Anna White

| Letters

April 12, 2003
Internal Revenue Service Center
Philadelphia, PA 19255-0015
To whom it may concern:

Last year, $X in federal taxes were withheld from my paycheck. According to my completed income tax return, which is enclosed, I owe the federal government an additional $377. According to the U.S. Constitution, however, I say it is the government that owes me “no taxation without representation.”

As a DC resident, it bothers me to hear my government talking about bringing “democracy” to the Middle East, while at the same time denying full democracy to the residents of our nation’s capitol. The residents of the capitols of 183 democracies around the world have representation in the national legislature equal to that enjoyed by their fellow citizens. The U.S. is the only nation which does not.
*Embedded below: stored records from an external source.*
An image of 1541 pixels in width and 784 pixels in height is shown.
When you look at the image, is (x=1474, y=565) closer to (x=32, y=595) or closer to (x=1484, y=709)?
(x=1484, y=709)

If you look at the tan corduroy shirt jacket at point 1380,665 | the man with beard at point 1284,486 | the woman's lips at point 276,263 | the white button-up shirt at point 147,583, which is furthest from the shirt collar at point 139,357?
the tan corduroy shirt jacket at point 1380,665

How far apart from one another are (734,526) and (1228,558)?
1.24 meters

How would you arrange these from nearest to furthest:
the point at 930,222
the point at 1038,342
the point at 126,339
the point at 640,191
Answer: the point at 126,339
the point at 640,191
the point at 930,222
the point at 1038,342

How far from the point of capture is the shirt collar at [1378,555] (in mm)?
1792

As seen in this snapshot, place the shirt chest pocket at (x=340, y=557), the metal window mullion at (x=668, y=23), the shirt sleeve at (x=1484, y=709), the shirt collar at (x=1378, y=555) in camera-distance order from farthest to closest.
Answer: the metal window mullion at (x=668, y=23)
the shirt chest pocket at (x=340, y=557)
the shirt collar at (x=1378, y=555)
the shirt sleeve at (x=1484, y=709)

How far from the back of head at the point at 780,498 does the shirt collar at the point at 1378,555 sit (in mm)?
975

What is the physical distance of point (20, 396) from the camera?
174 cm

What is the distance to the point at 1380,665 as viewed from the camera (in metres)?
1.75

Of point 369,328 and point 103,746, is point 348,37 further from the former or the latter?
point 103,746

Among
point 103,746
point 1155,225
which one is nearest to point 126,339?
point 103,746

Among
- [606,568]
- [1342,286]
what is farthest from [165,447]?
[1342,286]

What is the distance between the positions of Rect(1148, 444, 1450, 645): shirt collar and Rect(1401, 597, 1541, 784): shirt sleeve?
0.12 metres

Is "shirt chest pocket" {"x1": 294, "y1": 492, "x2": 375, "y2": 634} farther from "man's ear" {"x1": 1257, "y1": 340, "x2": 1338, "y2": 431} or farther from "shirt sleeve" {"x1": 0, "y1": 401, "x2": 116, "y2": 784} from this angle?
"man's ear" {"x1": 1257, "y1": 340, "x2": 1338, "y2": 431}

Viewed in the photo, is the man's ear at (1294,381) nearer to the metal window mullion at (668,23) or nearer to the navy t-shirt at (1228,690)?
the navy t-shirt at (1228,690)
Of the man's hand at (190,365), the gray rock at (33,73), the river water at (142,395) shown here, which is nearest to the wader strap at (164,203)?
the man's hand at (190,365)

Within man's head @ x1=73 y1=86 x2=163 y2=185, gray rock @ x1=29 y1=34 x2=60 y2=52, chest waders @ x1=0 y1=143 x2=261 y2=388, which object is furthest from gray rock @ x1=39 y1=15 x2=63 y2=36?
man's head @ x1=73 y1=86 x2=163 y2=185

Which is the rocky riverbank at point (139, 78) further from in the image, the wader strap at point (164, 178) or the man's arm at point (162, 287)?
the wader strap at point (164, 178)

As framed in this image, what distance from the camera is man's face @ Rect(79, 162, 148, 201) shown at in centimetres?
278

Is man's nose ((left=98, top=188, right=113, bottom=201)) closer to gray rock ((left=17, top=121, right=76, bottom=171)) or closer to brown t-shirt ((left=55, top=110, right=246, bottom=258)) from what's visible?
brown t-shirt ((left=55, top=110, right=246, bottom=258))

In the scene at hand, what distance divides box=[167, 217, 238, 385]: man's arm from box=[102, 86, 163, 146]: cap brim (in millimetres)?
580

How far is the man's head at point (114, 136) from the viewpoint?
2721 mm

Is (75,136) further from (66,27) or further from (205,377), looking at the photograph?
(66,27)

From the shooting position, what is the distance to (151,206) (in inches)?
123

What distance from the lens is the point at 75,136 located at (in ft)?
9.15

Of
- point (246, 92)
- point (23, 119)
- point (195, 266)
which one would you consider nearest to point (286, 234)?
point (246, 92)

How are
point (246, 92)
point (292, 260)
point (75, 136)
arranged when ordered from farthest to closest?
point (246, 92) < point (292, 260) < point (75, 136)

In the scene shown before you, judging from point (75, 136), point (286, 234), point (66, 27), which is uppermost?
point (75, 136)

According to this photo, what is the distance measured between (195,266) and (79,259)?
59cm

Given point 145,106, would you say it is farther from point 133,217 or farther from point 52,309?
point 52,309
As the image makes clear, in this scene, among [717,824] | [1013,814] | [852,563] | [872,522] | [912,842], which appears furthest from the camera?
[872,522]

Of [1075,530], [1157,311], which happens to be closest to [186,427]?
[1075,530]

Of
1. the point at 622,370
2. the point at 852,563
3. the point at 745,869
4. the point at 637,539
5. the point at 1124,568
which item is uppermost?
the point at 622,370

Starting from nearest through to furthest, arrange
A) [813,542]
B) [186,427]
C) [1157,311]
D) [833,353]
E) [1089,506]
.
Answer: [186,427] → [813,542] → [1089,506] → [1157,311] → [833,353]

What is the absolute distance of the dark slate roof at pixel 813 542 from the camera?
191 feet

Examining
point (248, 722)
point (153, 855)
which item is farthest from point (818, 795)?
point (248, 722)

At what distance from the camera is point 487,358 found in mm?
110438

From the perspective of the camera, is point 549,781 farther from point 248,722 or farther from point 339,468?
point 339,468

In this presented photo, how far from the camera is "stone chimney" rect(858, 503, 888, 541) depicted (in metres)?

On October 10, 2002, the residents of DC were not represented when Congress gave a blank check to George W. Bush to go to war against Iraq. We should have been. We pay more federal taxes per capita – half of which go to pay for past, present, and future wars — than the residents of all but one state. Furthermore, DC residents have fought and died in every war since the War for Independence. During the Vietnam War, DC had more casualties than 10 states, and more killed per capita than 47 states. And DC residents served in the Gulf War in greater proportionate numbers than the citizens of 46 states. In short, since we disproportionately pay for and fight in wars, we should certainly have a say in whether or not our country goes to war.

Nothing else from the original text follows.